台東デザイナーズビレッジ(東京)でこのほど開かれた、新進クリエイターブランドによる合同試着会「フィッティングルーム」は前回よりも来場者が増え盛況だった。販売会だと買わないといけないと構えがちだが、自由に試着して、気に入ったら後日ECで購入すればよく、気軽に来場しやすいのが特徴だ。
2回目の今回は、国内の物作りにこだわるレディスファッションで、「ダイチオガタ」「フミク」「カナカワサキ」「マホロオギノ」「ナギサ」「ツテ」の6ブランドが集結した。
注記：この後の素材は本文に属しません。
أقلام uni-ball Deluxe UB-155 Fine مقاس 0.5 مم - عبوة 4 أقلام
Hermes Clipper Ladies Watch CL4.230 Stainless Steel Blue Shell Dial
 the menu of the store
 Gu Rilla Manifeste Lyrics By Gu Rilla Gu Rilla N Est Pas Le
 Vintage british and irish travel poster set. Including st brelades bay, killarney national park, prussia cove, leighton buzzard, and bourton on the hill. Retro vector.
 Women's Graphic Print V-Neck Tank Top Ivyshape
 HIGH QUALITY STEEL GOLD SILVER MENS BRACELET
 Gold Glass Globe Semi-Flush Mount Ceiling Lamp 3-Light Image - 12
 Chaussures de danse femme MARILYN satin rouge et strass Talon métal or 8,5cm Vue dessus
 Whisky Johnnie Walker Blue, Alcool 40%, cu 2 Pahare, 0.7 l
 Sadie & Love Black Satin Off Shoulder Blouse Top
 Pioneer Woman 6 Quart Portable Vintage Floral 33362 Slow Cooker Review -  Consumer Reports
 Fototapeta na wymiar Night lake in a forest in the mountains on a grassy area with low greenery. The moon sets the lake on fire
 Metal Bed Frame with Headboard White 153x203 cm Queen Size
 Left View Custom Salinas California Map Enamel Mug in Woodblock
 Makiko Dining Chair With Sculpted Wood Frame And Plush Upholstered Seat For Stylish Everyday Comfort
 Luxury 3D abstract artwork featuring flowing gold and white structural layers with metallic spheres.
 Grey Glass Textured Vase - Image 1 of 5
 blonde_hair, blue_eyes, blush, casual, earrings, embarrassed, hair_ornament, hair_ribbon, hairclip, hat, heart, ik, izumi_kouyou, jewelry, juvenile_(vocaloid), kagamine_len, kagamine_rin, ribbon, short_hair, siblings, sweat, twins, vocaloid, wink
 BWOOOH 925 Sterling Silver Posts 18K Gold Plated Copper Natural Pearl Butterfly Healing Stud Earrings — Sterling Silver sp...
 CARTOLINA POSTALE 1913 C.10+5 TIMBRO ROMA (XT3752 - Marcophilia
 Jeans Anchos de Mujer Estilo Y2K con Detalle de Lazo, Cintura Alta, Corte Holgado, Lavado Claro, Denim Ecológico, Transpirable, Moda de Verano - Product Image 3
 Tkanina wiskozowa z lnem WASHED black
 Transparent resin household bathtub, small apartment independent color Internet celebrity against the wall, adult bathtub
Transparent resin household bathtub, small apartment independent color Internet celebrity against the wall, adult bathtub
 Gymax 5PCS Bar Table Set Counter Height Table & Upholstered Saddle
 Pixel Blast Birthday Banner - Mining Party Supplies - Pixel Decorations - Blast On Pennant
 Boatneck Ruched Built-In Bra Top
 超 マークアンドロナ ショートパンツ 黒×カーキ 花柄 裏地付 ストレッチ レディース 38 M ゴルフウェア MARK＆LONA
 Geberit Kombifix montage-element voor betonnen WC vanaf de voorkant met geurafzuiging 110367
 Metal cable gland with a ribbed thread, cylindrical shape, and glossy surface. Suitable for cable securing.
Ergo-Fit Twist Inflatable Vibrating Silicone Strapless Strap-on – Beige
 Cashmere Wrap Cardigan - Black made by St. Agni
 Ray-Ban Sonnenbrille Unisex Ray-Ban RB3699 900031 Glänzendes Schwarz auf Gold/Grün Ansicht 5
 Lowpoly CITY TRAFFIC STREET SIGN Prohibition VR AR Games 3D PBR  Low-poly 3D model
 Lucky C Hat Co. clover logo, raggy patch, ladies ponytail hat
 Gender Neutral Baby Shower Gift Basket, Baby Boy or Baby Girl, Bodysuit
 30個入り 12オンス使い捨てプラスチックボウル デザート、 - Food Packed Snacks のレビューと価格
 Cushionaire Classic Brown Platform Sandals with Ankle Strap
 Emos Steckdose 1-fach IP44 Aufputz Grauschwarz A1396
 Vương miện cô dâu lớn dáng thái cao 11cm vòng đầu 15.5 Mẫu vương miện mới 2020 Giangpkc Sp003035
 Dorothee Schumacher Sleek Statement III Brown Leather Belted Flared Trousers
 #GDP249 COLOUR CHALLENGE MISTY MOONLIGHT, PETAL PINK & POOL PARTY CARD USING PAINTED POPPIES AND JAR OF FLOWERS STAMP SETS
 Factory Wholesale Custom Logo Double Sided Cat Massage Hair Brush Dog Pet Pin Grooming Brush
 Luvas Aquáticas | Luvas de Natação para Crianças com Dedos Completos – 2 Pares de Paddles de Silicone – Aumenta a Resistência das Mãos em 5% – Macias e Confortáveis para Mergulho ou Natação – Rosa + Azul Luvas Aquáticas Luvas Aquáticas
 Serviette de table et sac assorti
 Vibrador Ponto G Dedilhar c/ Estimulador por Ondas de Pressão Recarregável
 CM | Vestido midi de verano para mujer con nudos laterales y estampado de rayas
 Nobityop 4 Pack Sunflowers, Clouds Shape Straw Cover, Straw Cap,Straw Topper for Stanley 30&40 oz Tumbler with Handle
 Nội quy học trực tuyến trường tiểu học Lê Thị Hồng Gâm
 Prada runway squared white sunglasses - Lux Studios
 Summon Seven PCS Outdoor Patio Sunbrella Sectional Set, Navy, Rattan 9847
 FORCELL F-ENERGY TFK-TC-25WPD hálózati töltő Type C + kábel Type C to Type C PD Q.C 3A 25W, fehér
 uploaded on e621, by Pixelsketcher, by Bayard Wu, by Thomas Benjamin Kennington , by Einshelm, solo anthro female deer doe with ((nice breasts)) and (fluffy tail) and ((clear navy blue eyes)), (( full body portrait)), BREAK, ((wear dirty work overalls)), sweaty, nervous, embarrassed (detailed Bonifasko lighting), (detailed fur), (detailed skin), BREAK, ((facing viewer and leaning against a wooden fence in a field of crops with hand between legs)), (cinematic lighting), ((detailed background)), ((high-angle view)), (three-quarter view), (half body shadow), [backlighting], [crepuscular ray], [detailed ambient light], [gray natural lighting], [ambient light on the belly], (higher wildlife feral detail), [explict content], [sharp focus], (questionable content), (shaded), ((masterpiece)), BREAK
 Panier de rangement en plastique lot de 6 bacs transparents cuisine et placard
台東デザイナーズビレッジの卒業生や現入居者、知人などの通常、ECやイベント販売などDtoC(消費者直販)が主力のブランドが参加し、テイストやジャンルの垣根を越えて、自由に試着を楽しんでもらった。
大人の女性を中心に、全ブランドの服を試着した人や2時間ほど滞在してじっくり悩んでいた来場者もいたという。「常連のファンだけでなく、新規の来場者も多かったので、ブランドへの入門編として、良いきっかけ作りにはなった」と考えている。
メンズの毛芯仕立てのジャケットやコートを得意とするダイチオガタ(尾形大地)はタイロッケンコート(税込み11万5000円)や尾州でオリジナル開発したツイードを使った台場仕立てのジャケットなどが好評だった。そのほか、ミリタリーディテールのダウンコートや共地のネクタイ付きシャツが人気だった。
初参加したフミク(林史佳)は遊び心のあるガーリーな服。付け襟兼ビュスティエやレイヤード用の巻きスカートなどギミックの凝ったアクセサリー感覚のアイテムの評判が良かった。シンプルなドレスに合うレイヤードを意識したアイテムも人気だった。
自身でライフスタイルイベントも主催するナギサ(阿部渚)は国内産地でオリジナル開発したプリントやジャカードの生地を使ったブラウスなどが支持された。ディテールとパターンにこだわった定番スウェットなど定番アイテムも長く愛されている。
「〝着る〟を楽しむ」をコンセプトにするツテ(鈴木成美)は1サイズで、年齢・性別問わず着られるのが特徴。国内産地の生地を使った服作りで、プロダクトデザインの視点で着方をアレンジできる点も受けている。期間中にSNSやオンラインストアの閲覧数が増えたという。
ワンピースを主力にしたマホロオギノ(荻野茉藍)はジャカード柄やレース使いによるエレガンスでシックなデザインが30~40代女性から人気だった。デザビレ入居で自身のアトリエに在庫をストックできるようになり、期間限定店での販売もしやすくなったという。
カスタマイズできる仕様のワンピースを主力にしたカナカワサキ(川崎加奈)はアイコンとなる「スイッチ」シリーズを中心に好評だった。前身頃に付けた別布のパーツを26個のボタンで着脱・交換することで、様々なシーンに合わせてカスタマイズできる点が注目された。